» What this task involves
Find the line with "This is sent" in the entries below, then output every line from it down to the line with "Hey guys, it's", exactly and with no pictures.

» Provided material
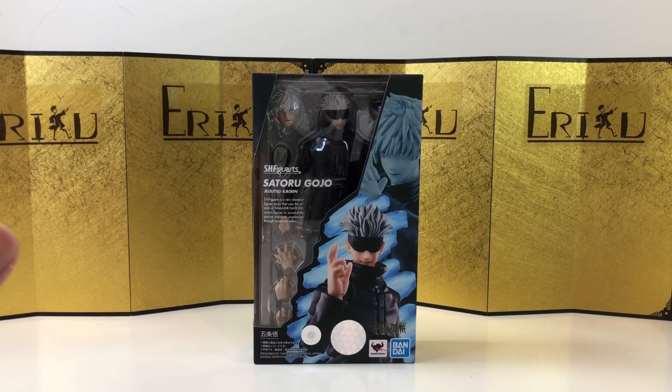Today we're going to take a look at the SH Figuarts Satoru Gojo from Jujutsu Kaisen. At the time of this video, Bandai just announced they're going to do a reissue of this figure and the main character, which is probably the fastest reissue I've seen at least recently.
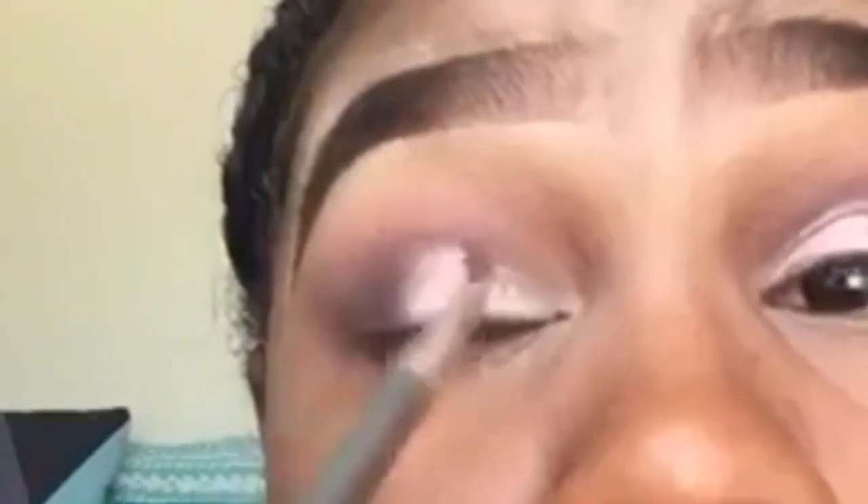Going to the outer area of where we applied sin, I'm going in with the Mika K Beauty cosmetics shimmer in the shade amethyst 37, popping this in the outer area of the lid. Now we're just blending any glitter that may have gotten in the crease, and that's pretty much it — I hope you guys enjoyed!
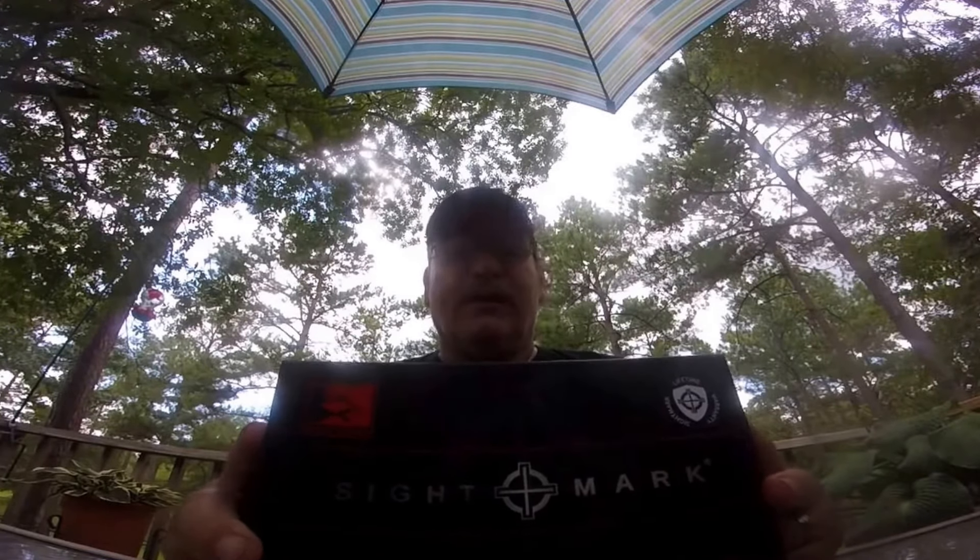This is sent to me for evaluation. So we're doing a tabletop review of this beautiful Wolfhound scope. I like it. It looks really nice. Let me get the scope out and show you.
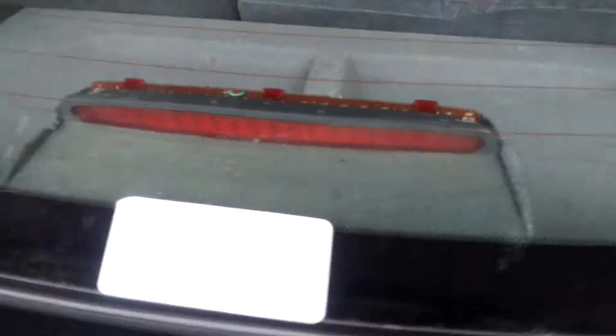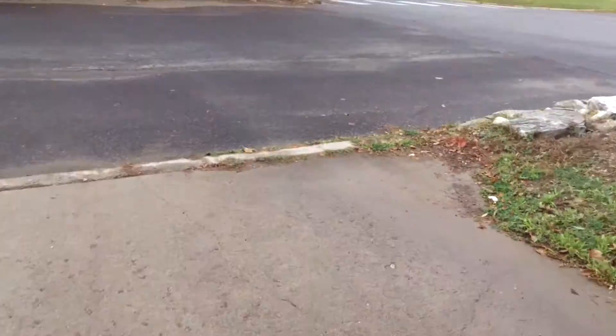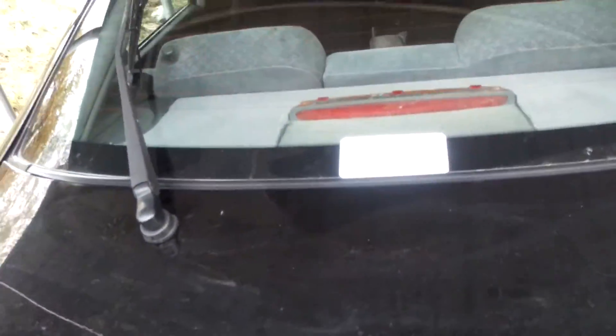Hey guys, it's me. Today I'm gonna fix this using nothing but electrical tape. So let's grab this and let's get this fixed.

==

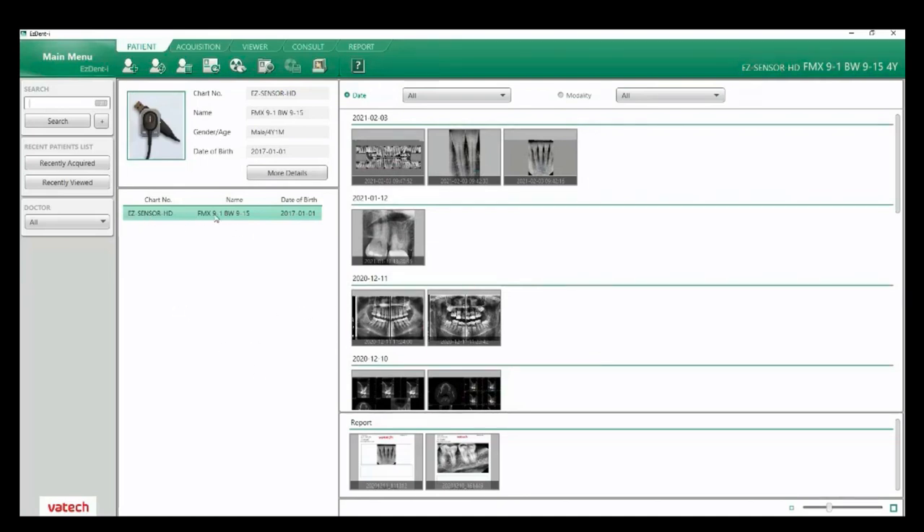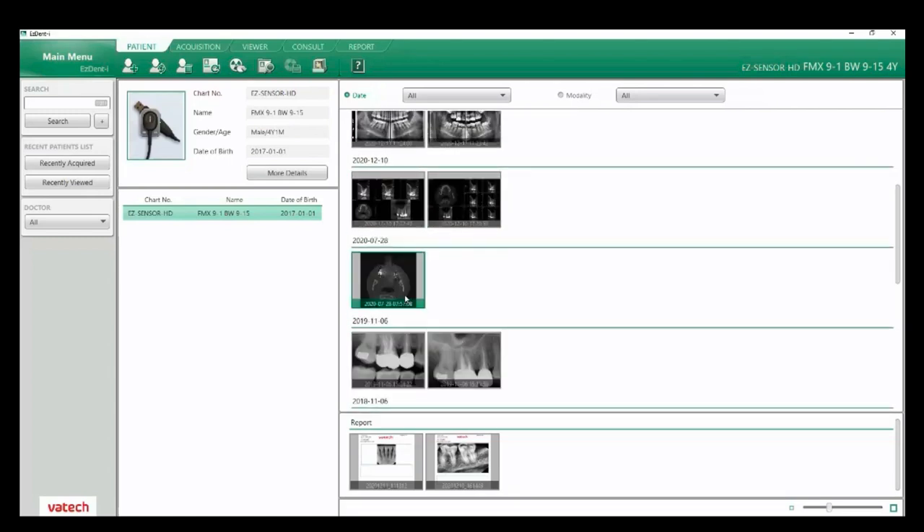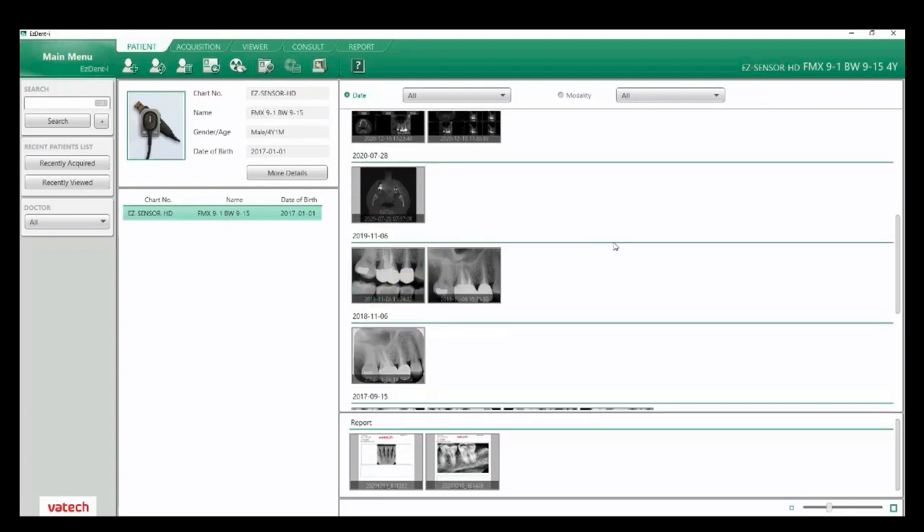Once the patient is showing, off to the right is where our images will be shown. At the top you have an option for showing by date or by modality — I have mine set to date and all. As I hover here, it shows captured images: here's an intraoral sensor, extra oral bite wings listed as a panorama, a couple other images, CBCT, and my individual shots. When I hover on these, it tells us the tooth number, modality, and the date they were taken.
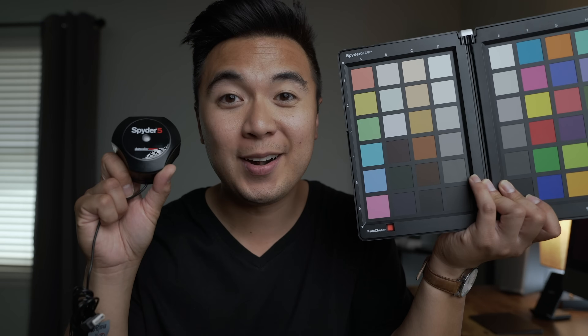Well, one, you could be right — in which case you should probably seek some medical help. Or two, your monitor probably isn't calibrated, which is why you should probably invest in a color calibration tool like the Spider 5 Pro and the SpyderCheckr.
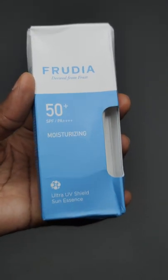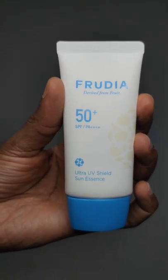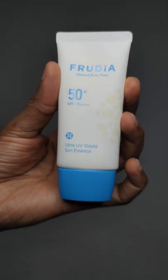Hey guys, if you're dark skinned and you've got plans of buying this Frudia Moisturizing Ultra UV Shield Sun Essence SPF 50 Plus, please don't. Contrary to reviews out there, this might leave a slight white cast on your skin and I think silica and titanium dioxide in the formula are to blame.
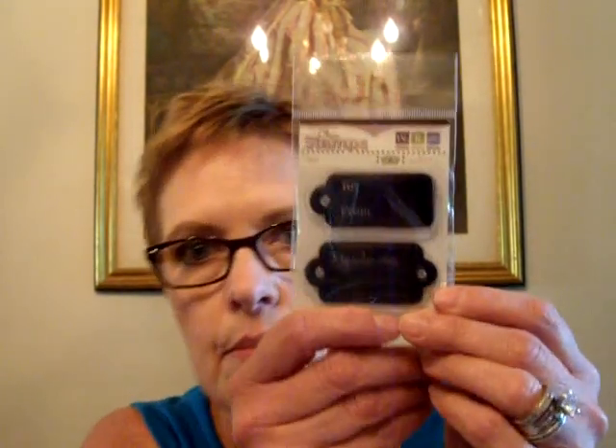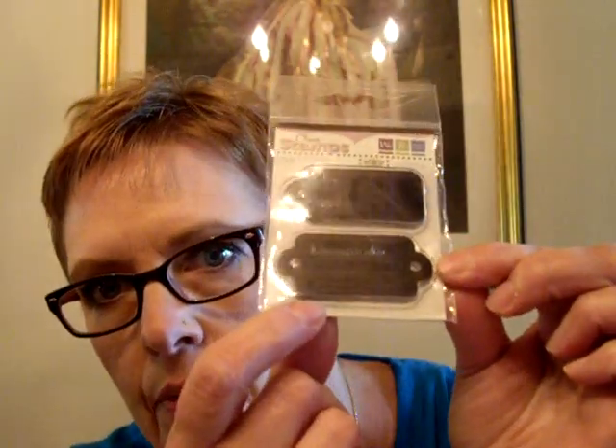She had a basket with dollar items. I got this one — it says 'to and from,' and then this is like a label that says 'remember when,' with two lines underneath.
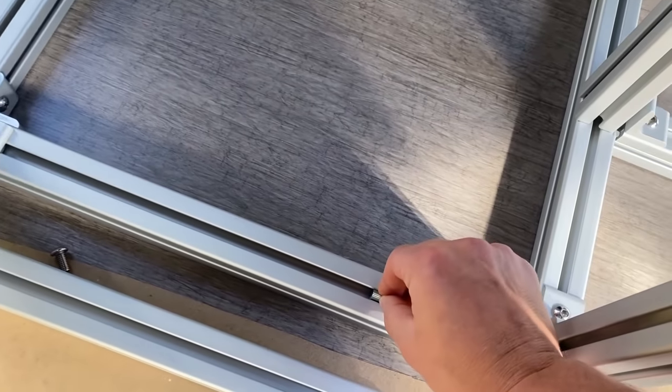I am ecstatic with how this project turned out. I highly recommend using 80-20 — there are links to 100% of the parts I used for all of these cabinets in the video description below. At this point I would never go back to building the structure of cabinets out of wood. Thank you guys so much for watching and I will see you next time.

--

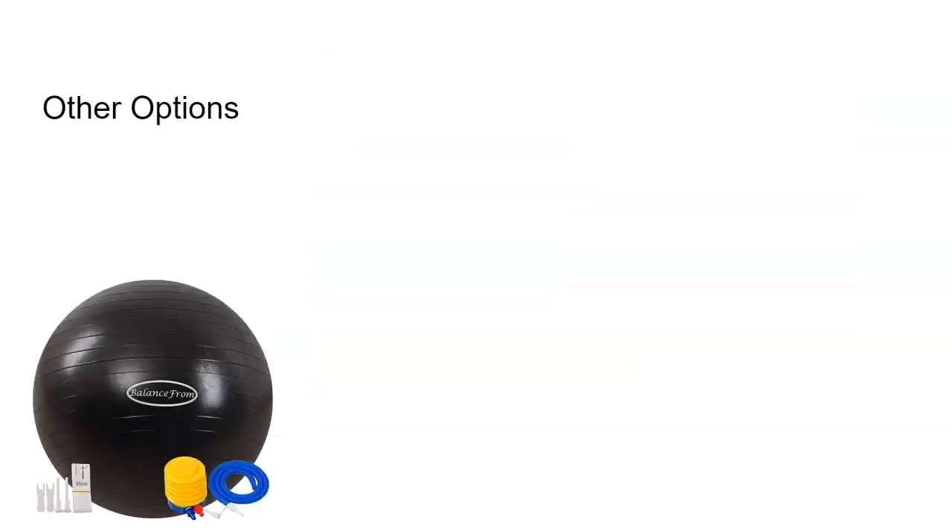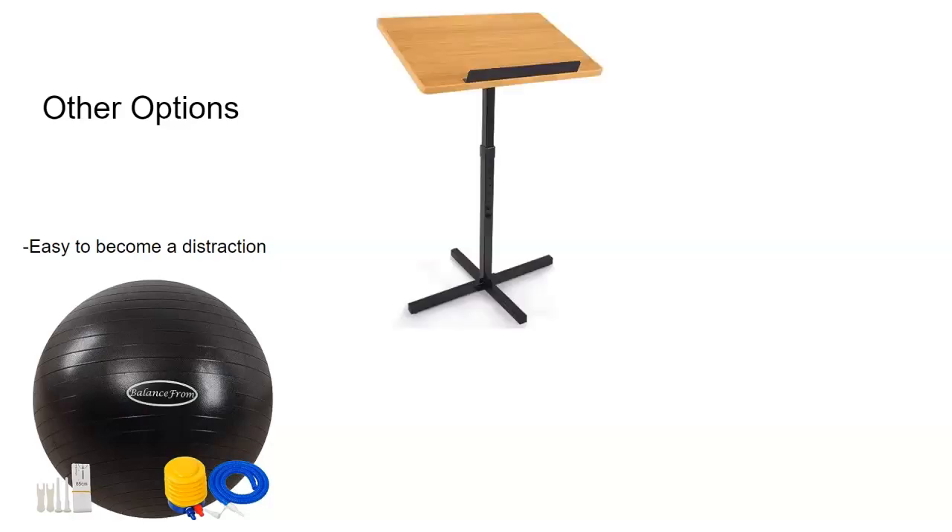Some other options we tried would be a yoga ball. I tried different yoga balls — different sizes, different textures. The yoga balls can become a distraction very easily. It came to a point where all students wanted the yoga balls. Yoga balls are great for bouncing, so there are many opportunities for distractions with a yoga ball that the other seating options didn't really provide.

» Solution
This is sent to me for evaluation. So we're doing a tabletop review of this beautiful Wolfhound scope. I like it. It looks really nice. Let me get the scope out and show you.
Hey guys, it's me. Today I'm gonna fix this using nothing but electrical tape. So let's grab this and let's get this fixed.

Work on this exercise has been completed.